[Short text fragments from websites]
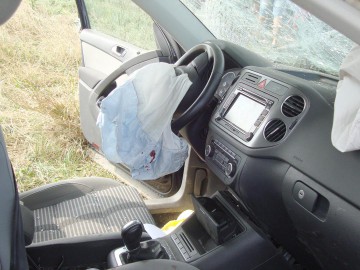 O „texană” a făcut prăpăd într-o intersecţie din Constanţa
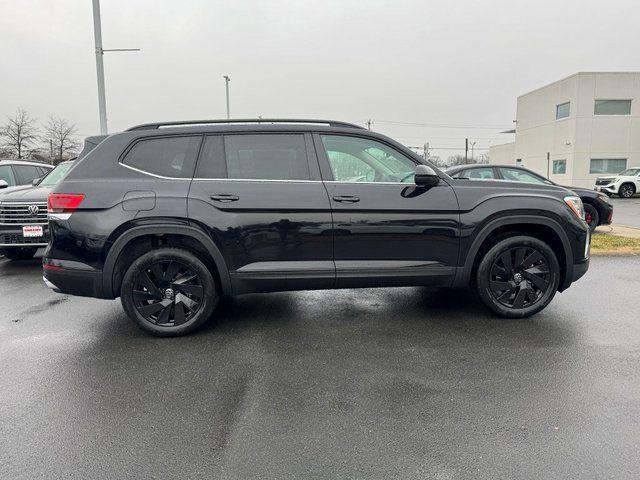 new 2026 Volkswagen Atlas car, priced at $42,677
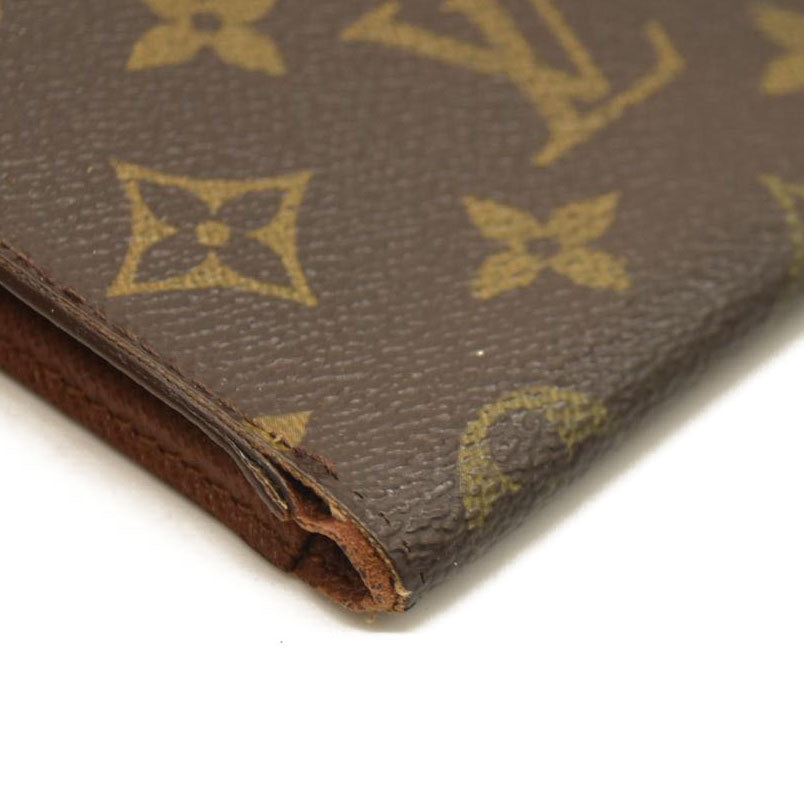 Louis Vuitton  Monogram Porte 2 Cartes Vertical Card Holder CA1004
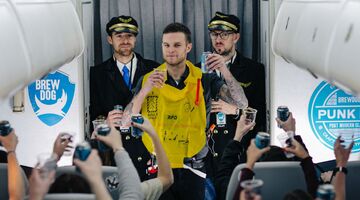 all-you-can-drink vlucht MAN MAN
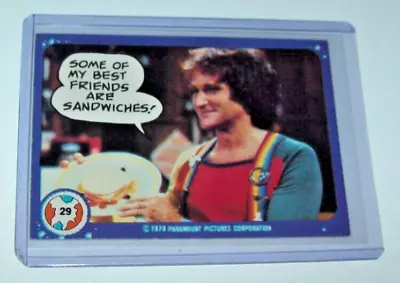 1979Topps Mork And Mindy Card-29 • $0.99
* * *
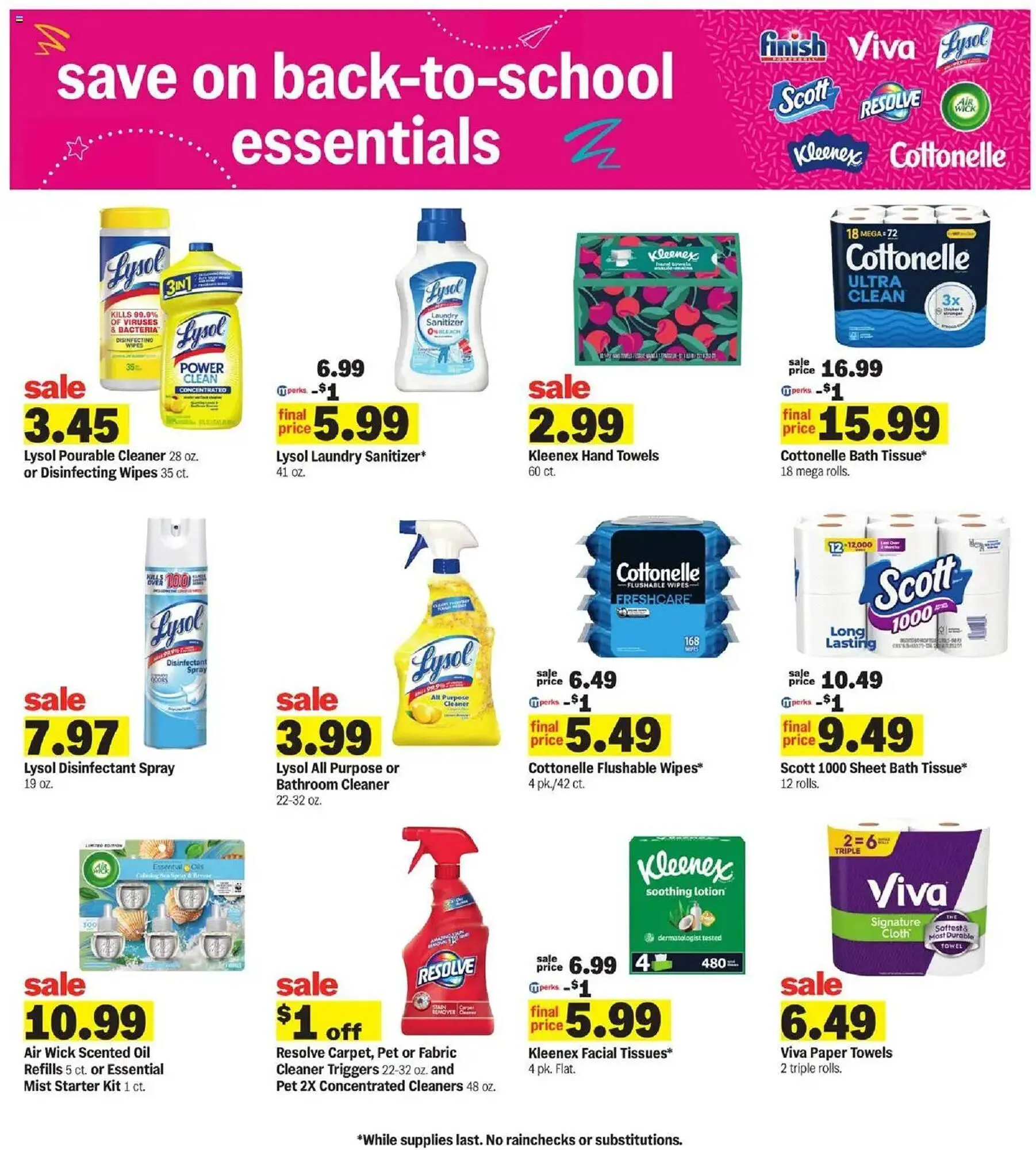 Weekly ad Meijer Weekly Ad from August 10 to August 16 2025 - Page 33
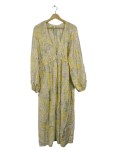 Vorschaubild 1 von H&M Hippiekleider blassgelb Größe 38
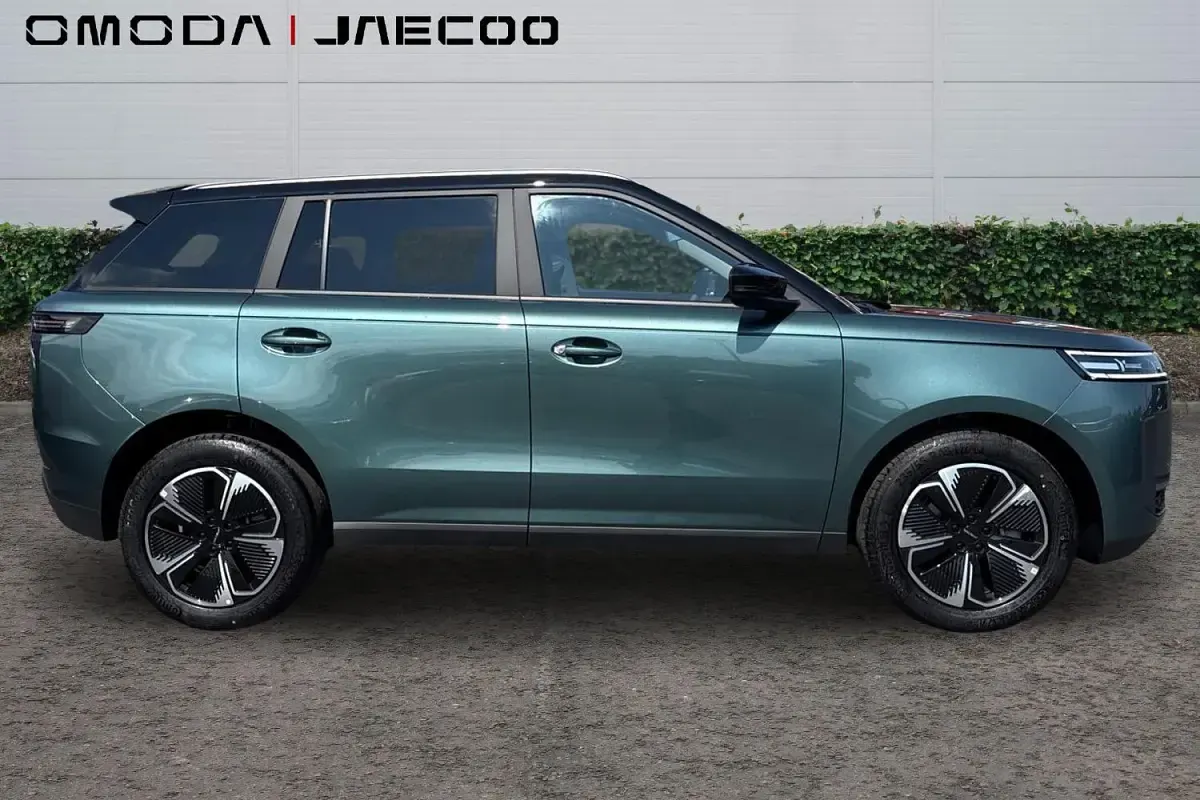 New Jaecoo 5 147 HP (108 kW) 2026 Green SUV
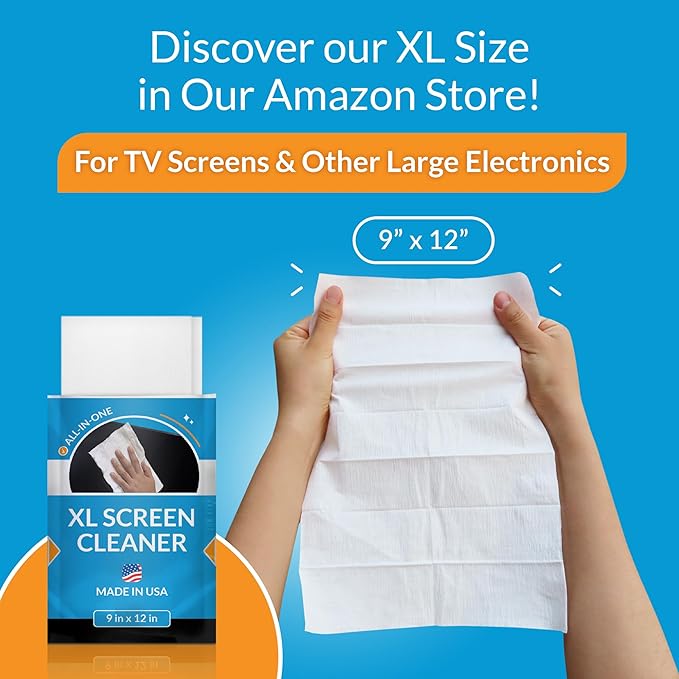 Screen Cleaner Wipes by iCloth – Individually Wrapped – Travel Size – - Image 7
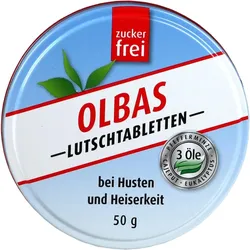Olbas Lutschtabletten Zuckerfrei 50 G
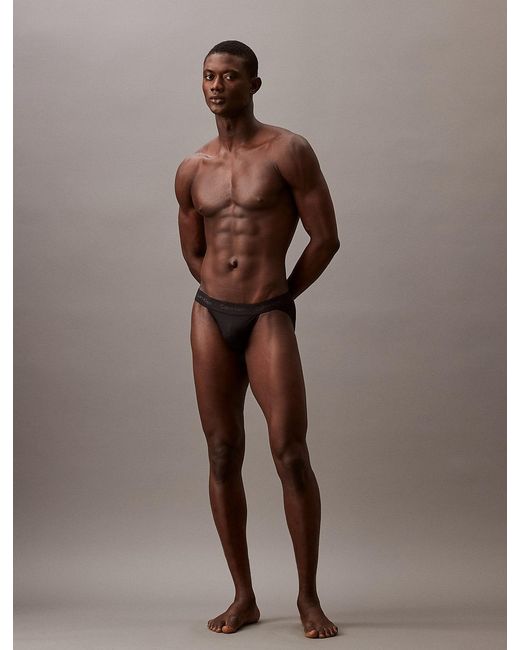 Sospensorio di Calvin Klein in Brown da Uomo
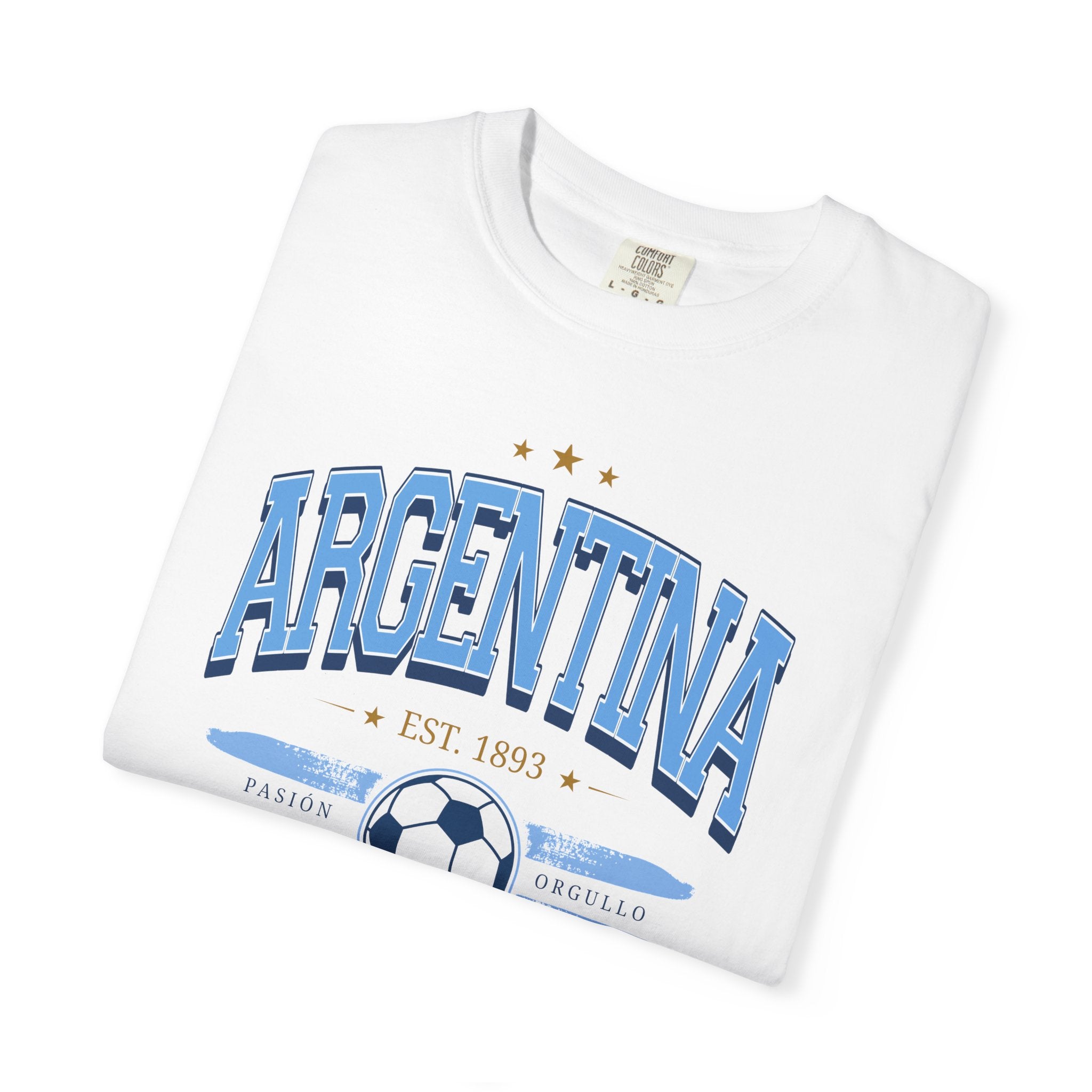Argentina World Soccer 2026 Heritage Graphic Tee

WHAT YOU NEED TO DO: What's needed is an exact copy of the lines above from the one with "Screen Cleaner Wipes" through the one with "Argentina World Soccer", both included; the pictures stay out.

ANSWER TO THIS EXERCISE:
 Screen Cleaner Wipes by iCloth – Individually Wrapped – Travel Size – - Image 7
Olbas Lutschtabletten Zuckerfrei 50 G
 Sospensorio di Calvin Klein in Brown da Uomo
Argentina World Soccer 2026 Heritage Graphic Tee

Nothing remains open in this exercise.